The problem:
Beneath this task are the entries; from the line with "Genuine Leather White" through the last one, transcribe every line exactly and nothing else, skipping pictures.
+ + + + + + +
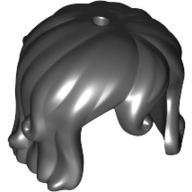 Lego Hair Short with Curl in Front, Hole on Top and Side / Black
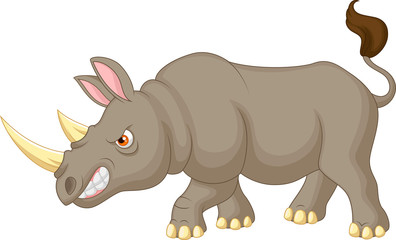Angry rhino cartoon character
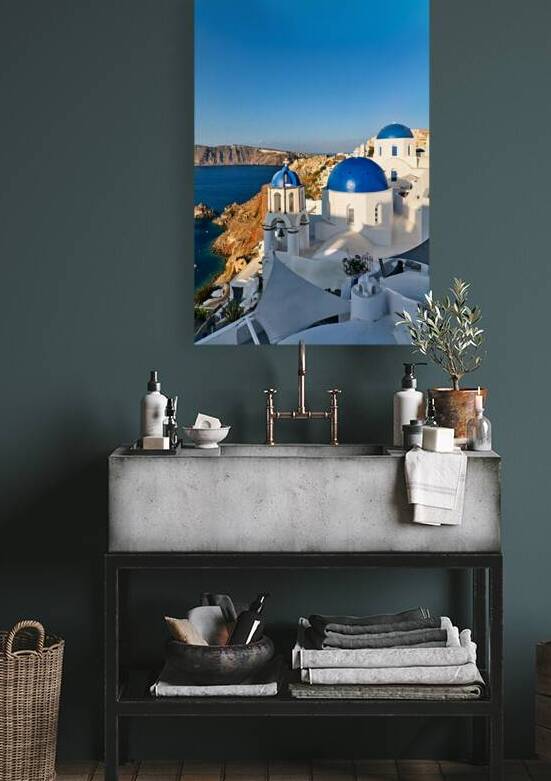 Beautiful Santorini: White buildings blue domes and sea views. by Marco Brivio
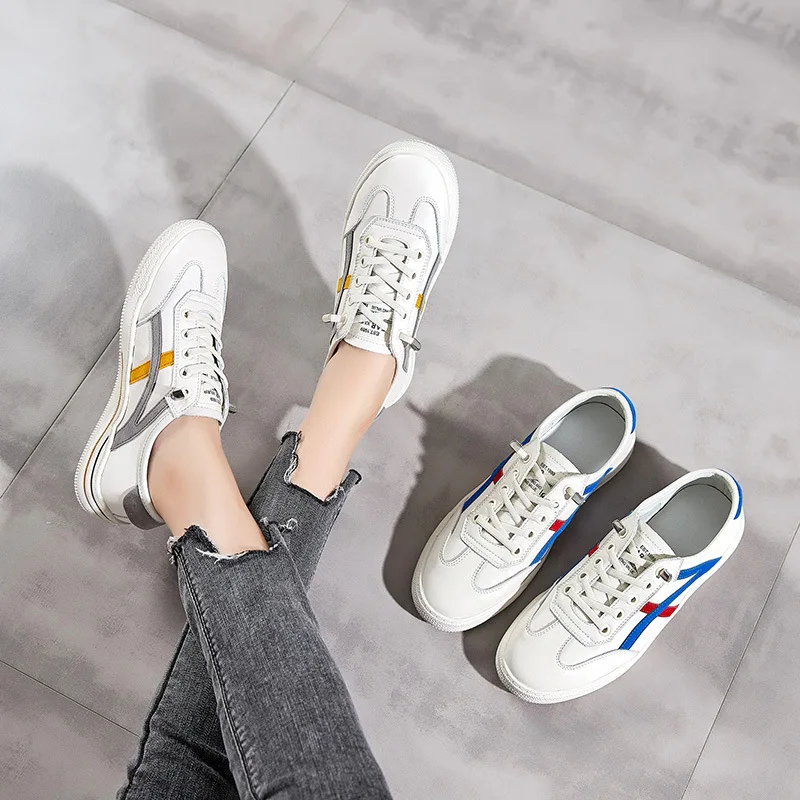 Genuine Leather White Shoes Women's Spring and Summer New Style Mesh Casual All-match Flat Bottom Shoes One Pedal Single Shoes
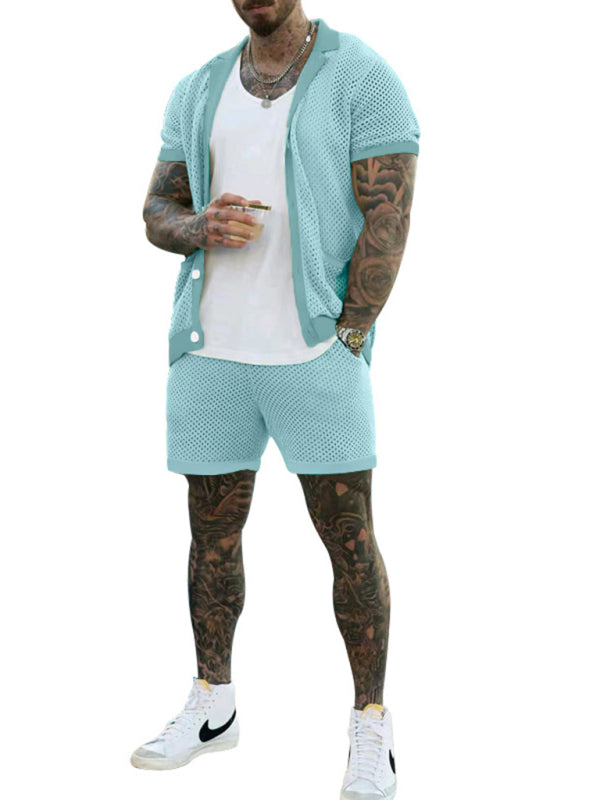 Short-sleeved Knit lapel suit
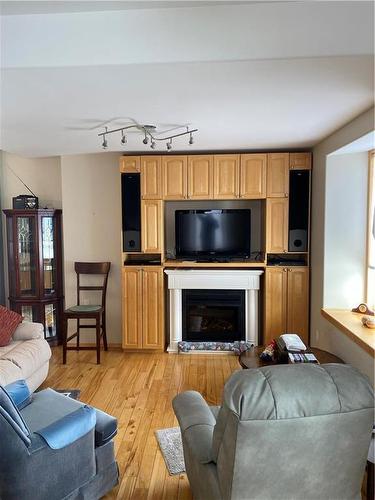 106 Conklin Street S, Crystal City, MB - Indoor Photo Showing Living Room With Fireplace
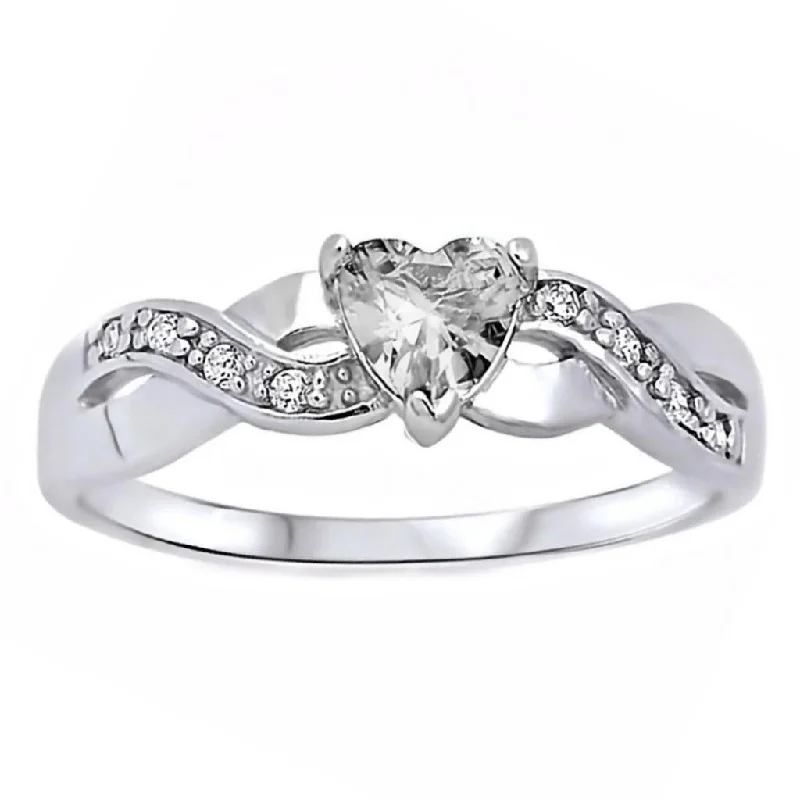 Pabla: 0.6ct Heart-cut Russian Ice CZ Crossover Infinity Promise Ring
+ + + + + + +
Your response:
 Genuine Leather White Shoes Women's Spring and Summer New Style Mesh Casual All-match Flat Bottom Shoes One Pedal Single Shoes
 Short-sleeved Knit lapel suit
 106 Conklin Street S, Crystal City, MB - Indoor Photo Showing Living Room With Fireplace
 Pabla: 0.6ct Heart-cut Russian Ice CZ Crossover Infinity Promise Ring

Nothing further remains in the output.